Compliance is the unglamorous part that earns trust
Zero data retention is the headline, but a promise is only as good as the audit behind it. This is where Nebius made the decision easy. The platform carries the certifications that security reviews actually ask about: SOC 2 Type II, HIPAA, ISO 27001, and ISO 27799. It operates in line with GDPR and CCPA, and it is certified under the EU-US Data Privacy Framework, which matters for moving data between regions cleanly. Inference runs in data centers in Finland, France, and the US, so EU and US data-residency requirements can both be met.
None of that is exciting to write about. All of it is what lets a careful customer say yes.
The features that made it an easy yes
Once the data story checked out, the rest of the platform made the choice comfortable rather than just principled:
- OpenAI-compatible API. This was a genuinely pleasant surprise. Switching to Nebius meant pointing the OpenAI client at a different base URL and using my key. No new SDK, no rewrite. If I ever need to move, the same compatibility works in reverse, so I am not locked in.

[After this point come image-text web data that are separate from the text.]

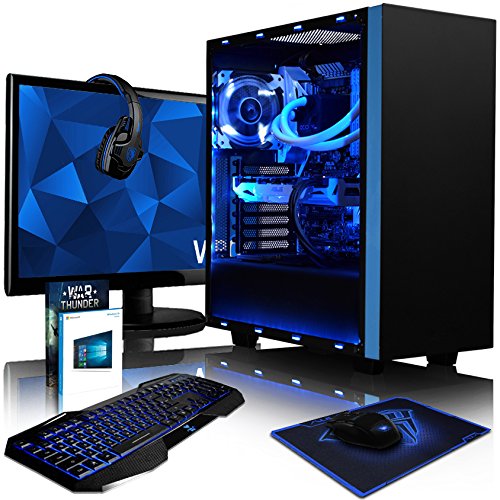 VIBOX Voxel GL750-144 Komplett-PC Paket Gaming PC - 4,5GHz Intel i7 Quad Core CPU, GTX 1050 GPU, Super, Wassergekühlter Desktop Gamer Computer mit Spielgutschein, 22" HD Monitor, Gamer Tastatur & Mouse, Windows 10, Blau Innenbeleuchtung, lebenslange Garantie* (4,2GHz (4,5GHz Turbo) Superschneller Intel i7 7700K Kabylake Quad 4-Core Prozessor CPU, Nvidia GeForce GTX 1050 2GB Grafikkarte GPU, 32GB Crucial Ballistix 2400MHz RAM, Kingston 480GB SSD, 3TB Festplatte, Alphacool Eisbaer Wasserkühler)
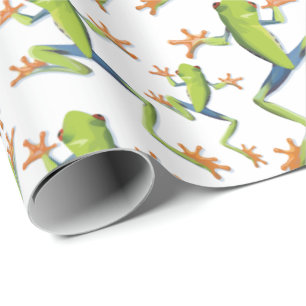 Greenery Tree-Frog Pattern Design Wrapping Paper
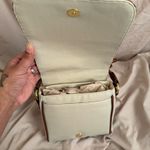 Vintage Cream Crossbody Shoulder Bag w/ Brown Braided Trim White Photo 4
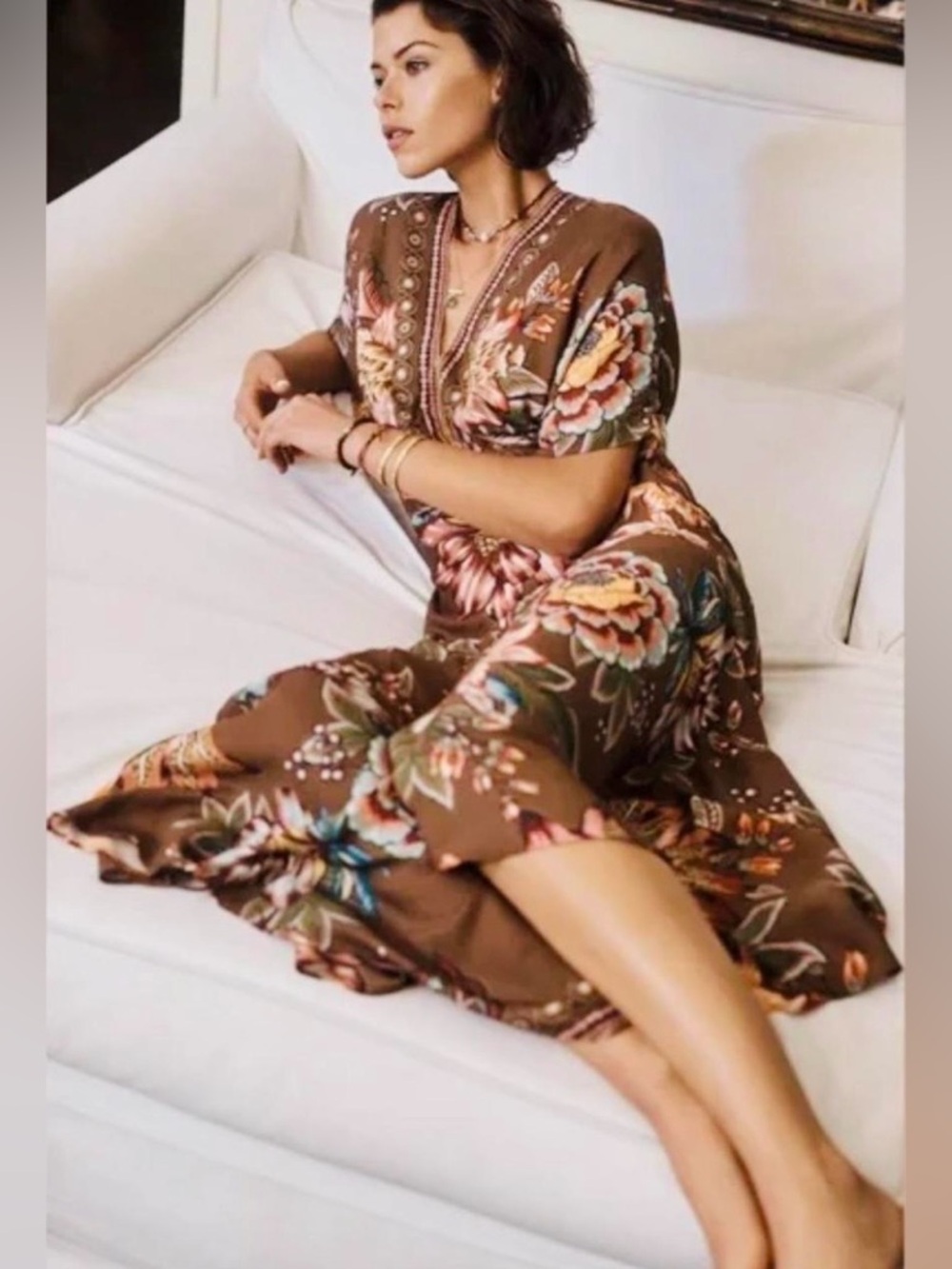 FARM Rio Brown Floral V-Neck Maxi Dress with Multicolor Blooms - Picture 14 of 16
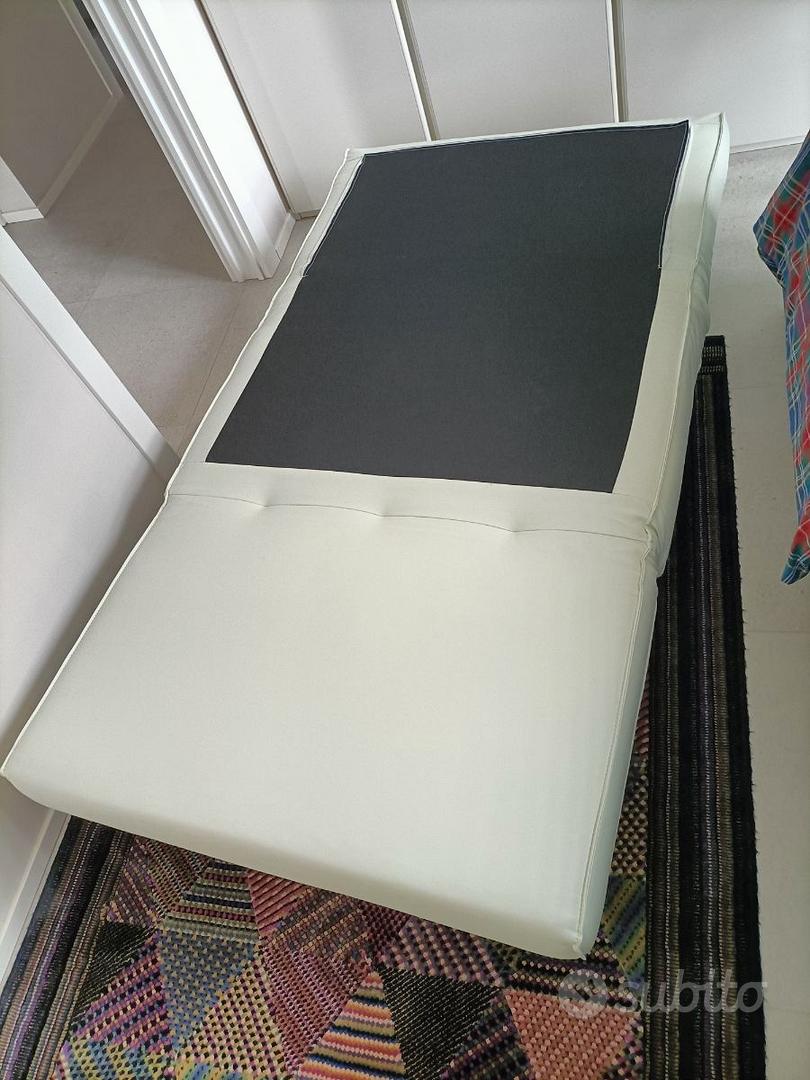 Poltrona - letto SHIFT in PELLE BIANCA - Apertura frontale - Letto 180 x  100 cm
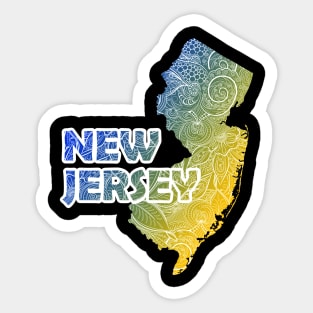 Colorful mandala art map of New Jersey with text in blue and yellow Sticker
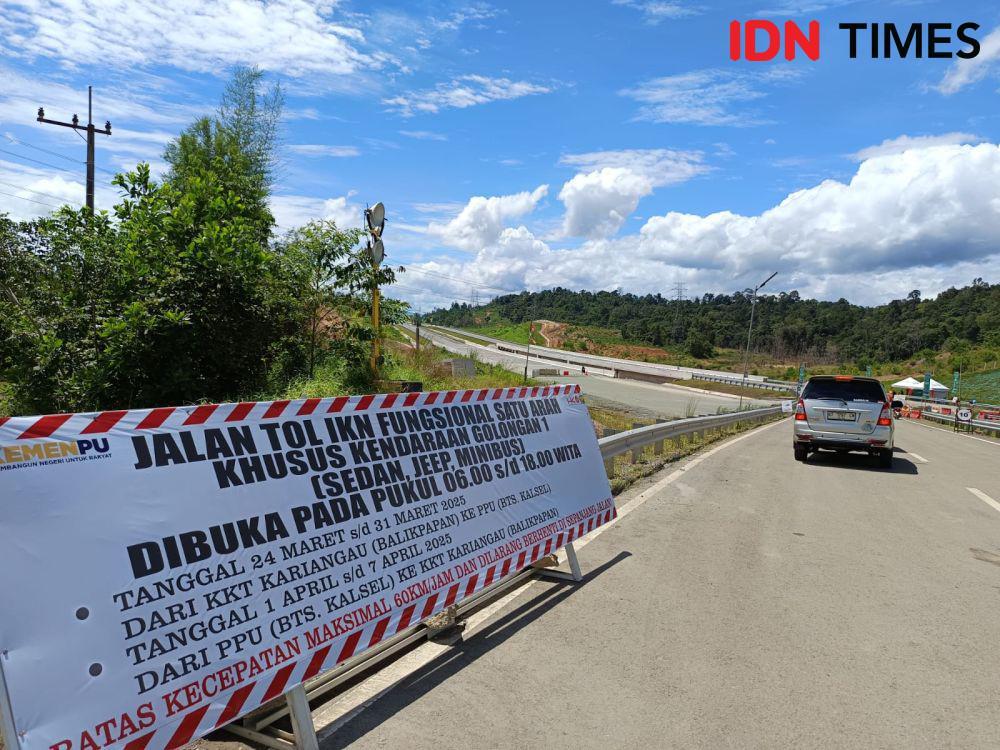 BBPJN Kaltim mencatat, rerata harian kendaran yang melintas pada periode arus balik di Jalan Tol Balikpapan-IKN mencapai 2.000 kendaraan per hari. (IDN Times/Erik Alfian)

- A real catalog of open models. Nebius Token Factory serves 60+ open-source models across text, code, and vision (the Llama, Qwen, and DeepSeek families and more). Formaly runs on an open model today, and I can swap models per task without changing providers.
- Production-grade serving. Dedicated endpoints offer isolation, autoscaling throughput, and a 99.9% SLA with predictable latency, which is what you want once real traffic depends on it.
- A path forward. Batch inference, fine-tuning, and their Data Lab tooling are there for when Formaly's analysis layer needs a model tuned on our own patterns. I did not need it on day one, but I liked knowing the runway existed on the same platform.
The honest tradeoff
I will be straight about the tension. Building on open models hosted by an inference provider is a different bet than wiring straight into a single frontier lab's closed model. You are trading a sliver of raw frontier capability for control, portability, and a much clearer data story.
For Formaly, that trade is obvious. The work our models do (summarizing responses, scoring sentiment, turning answers into structured data and analytics) is well within the reach of strong open models, and the privacy posture is worth far more to my customers than the last few percent of benchmark performance. I would rather give them data they can trust than a marginally cleverer summary they cannot.
What this means if you use Formaly
Most of this happens where you never see it, which is the point. When you run a churn survey or a sensitive employee feedback round through Formaly, the responses are processed on infrastructure I chose specifically because it can be told to forget them.
Your respondents are doing you the favor of being honest. The least we can do is build on a stack that treats that honesty as theirs, not ours to keep.
Choosing a model is a product decision. Choosing who holds the data is a trust decision. I think the second one matters more, and it is the one I spent the most time getting right.